Jharkhand High Court
P.K.Balasubramanyan,R.K.Merathia, JJ.
New United Construction Co. - Appellant
Versus
Cit - Respondent
TAX CASE 36 Of 1998
Decided On : 29 January, 2004

Headnote:Income Tax Act, 1961 – Section 271(1)(c) – Imposition of penalty – assessee to offer a reasonable explanation for his furnishing an alleged in accurate particulars or concealing a particular income – explanation offered by assessee held a mere after thought – imposition of penalty held justified. (Paras 8 to 12)

JUDGMENT

P.K. Balasubramanyan CJ.

The Income Tax Appellate Tribunal, Patna, has referred the following question to this court under section 256(1) of the Income Tax Act

"Whether on the facts and in the circumstances of the case, the imposition of penalty under section 271(1)(c) of the Income Tax Act amounting to Rs. 2,20,000was legal and valid".

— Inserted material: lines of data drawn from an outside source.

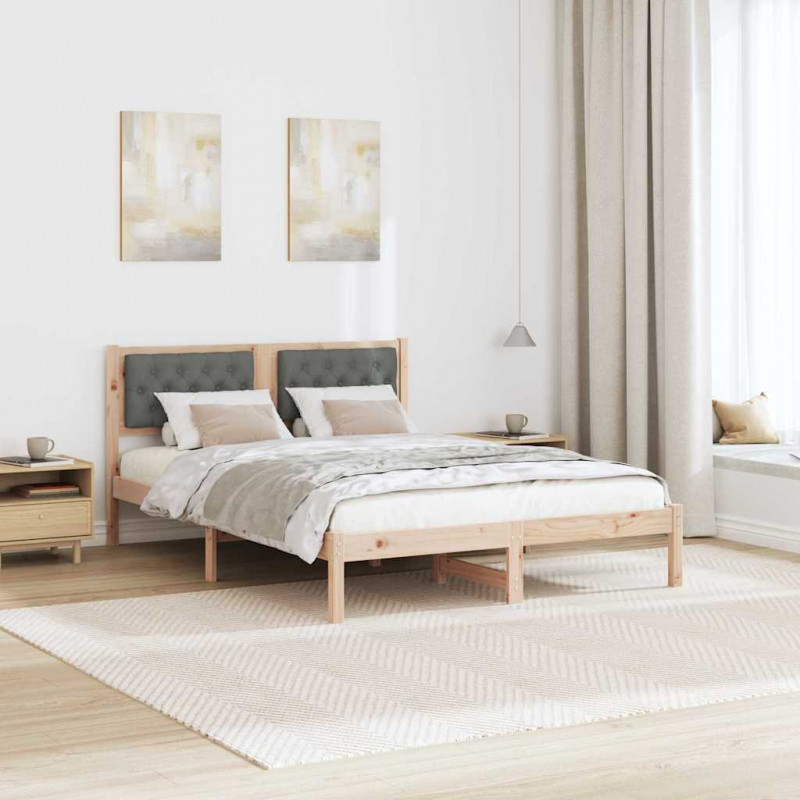 Ramka łóżka Ciemnoszary 140 x 190 cm Lite drewno sosnowe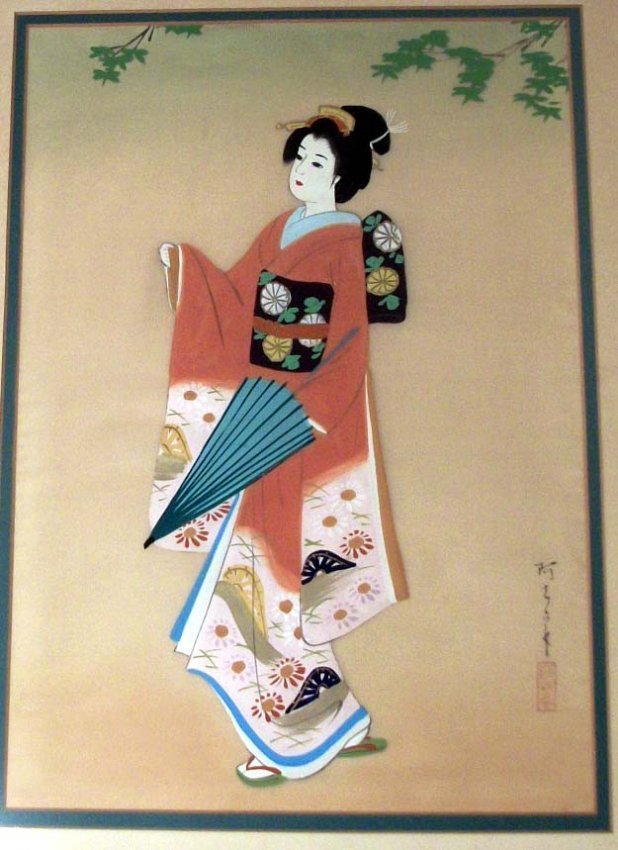 618x850 Watercolor Painting Of Beautiful Japanese Geisha - Geisha Watercolor Painting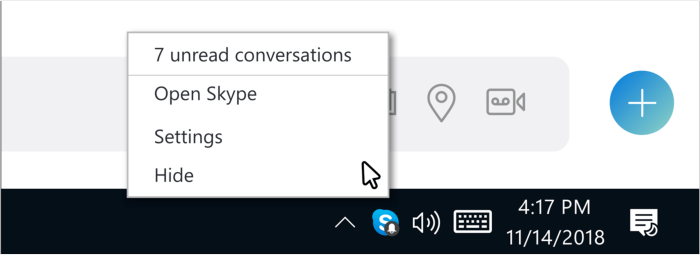 minimize skype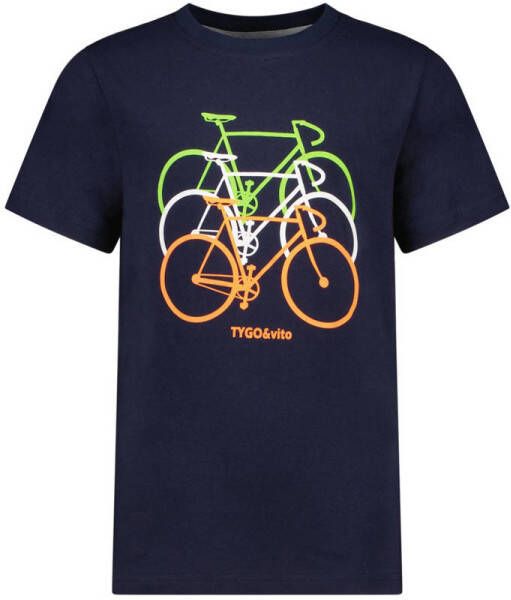 TYGO & vito T-shirt met printopdruk donkerblauw
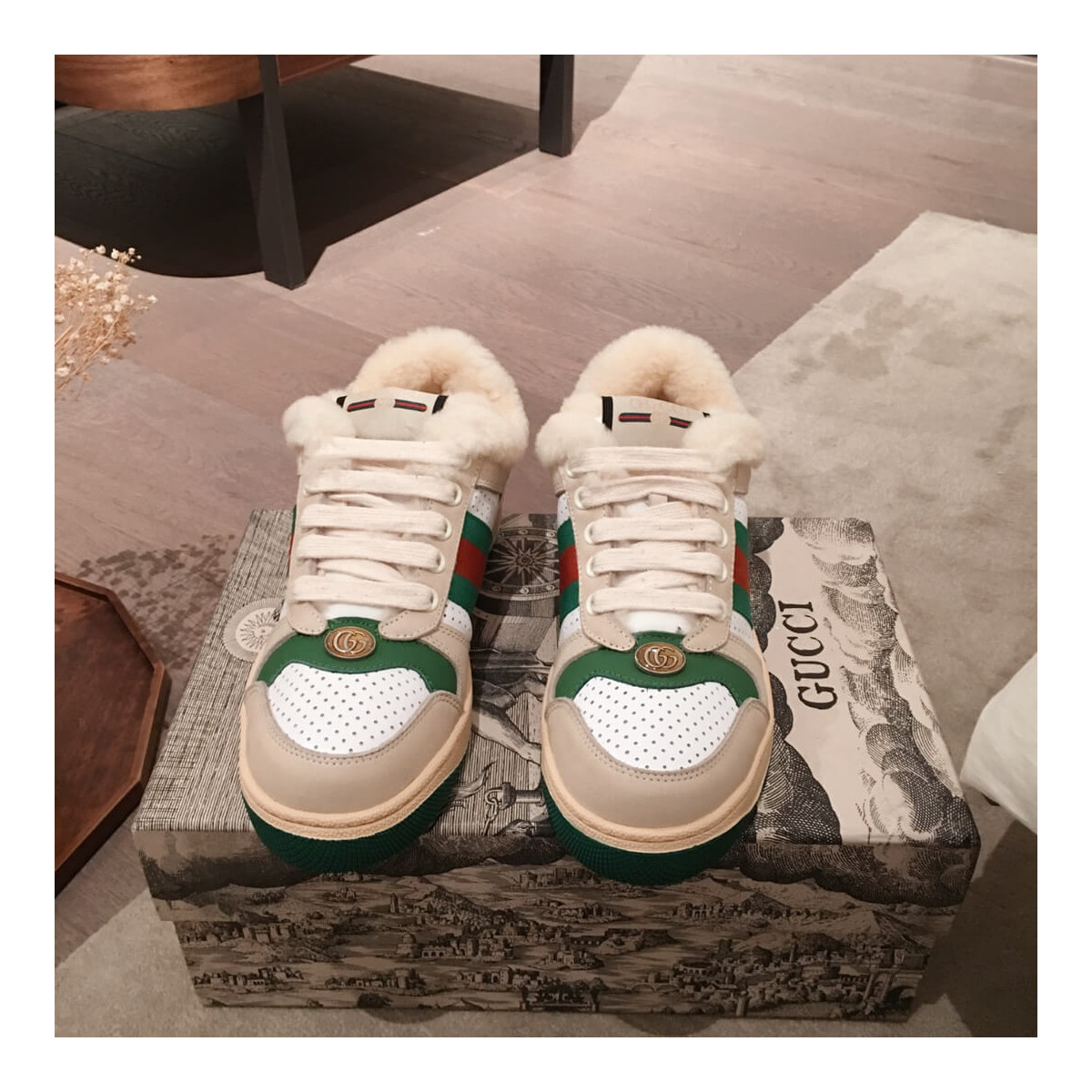 Gucci Screener Leather Sneaker 570441 White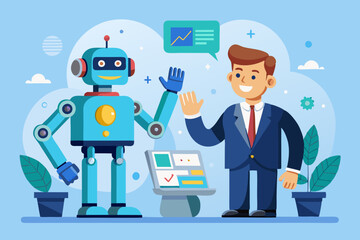Working together with AI Artificial Intelligence, human cooperate with machine or robot, AI help or support coworker, assistance or partnership concept, businessman hand high five with robot hand. 
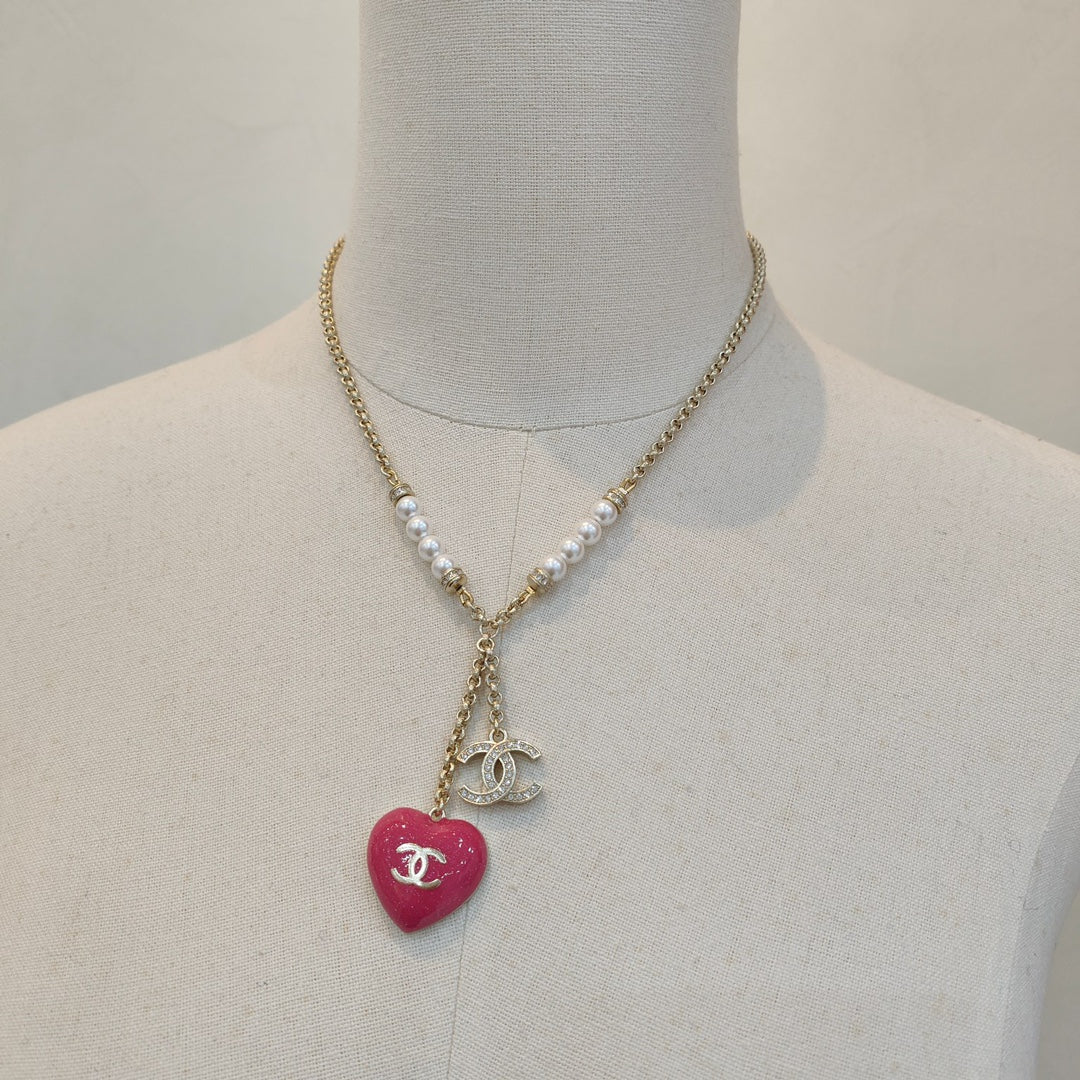 Pink Heart Pendant Pearl Necklace mysite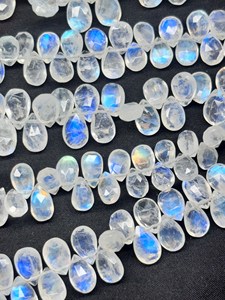 Natural <b>Rainbow</b> Moonstone Faceted Pear <b>drops</b> Briolette Beads For Making Jewelry - Product Image 2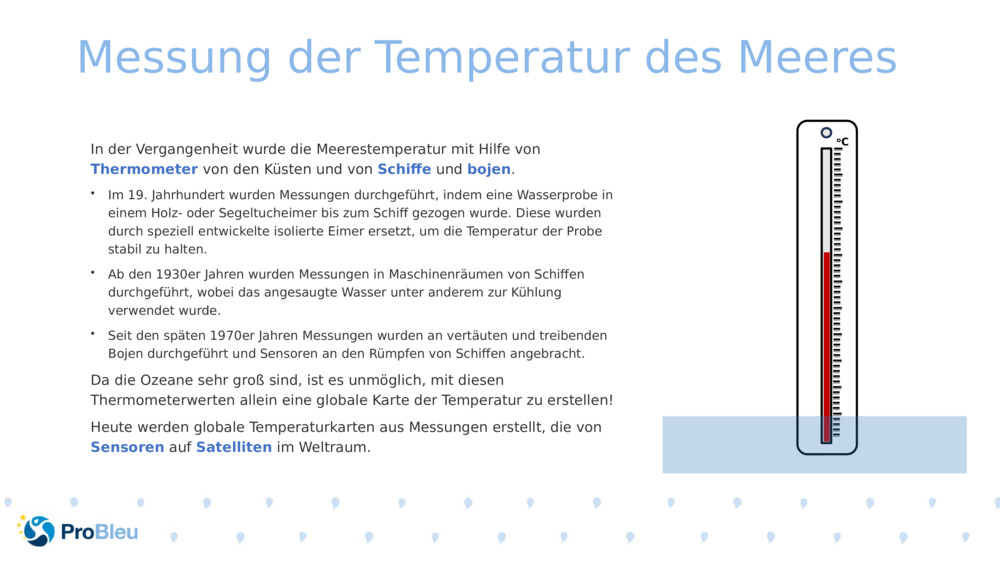 Messung der Temperatur des Meeres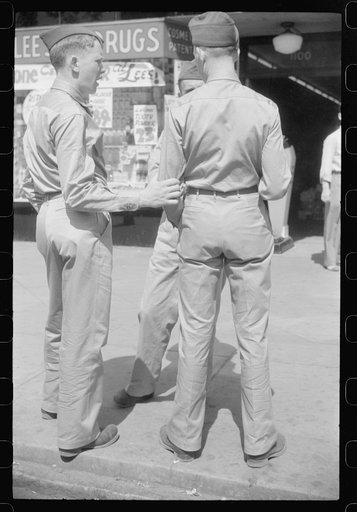 Untitled photo, possibly related to: Soldiers from Fort Benning on a street in Columbus, Georgia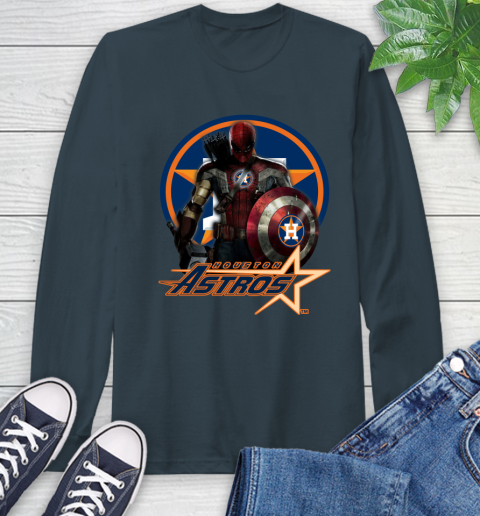 MLB Captain America Thor Spider Man Hawkeye Avengers Endgame Baseball Houston Astros Long Sleeve T-Shirt 8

2. During the course of the assessment for the assessment year 1985-86, the assessing officer noticed that a sum of Rs. 2,96,575 was shown by the assessee as an amount due to sundry creditors, but that the said amount was not an amount payable by the assessee, but the said amount was one which was already received by the assessee and credited to its bank account, though, the certificate for deduction of tax at source had not been received. The assessee had earlier filed a revised return continuing to show the sum of Rs. 2,96,575 as due to sundry creditors. After the aspect was highlighted by the assessing officer, the assessee filed yet another revised return accepting the receipt of the sum of Rs. 2,96,575 as having been received on 27-7-1984. The assessee did not account for the other receipt totalling Rs. 46,464 which also formed part of the gross receipt of the assessee. Ultimately, the assessing officer completed the assessment adding a sum of Rs. 2,96,575 and a sum of Rs. 46,464 as the income of the assessee. The said assessment became final, the assessee not having appealed against it.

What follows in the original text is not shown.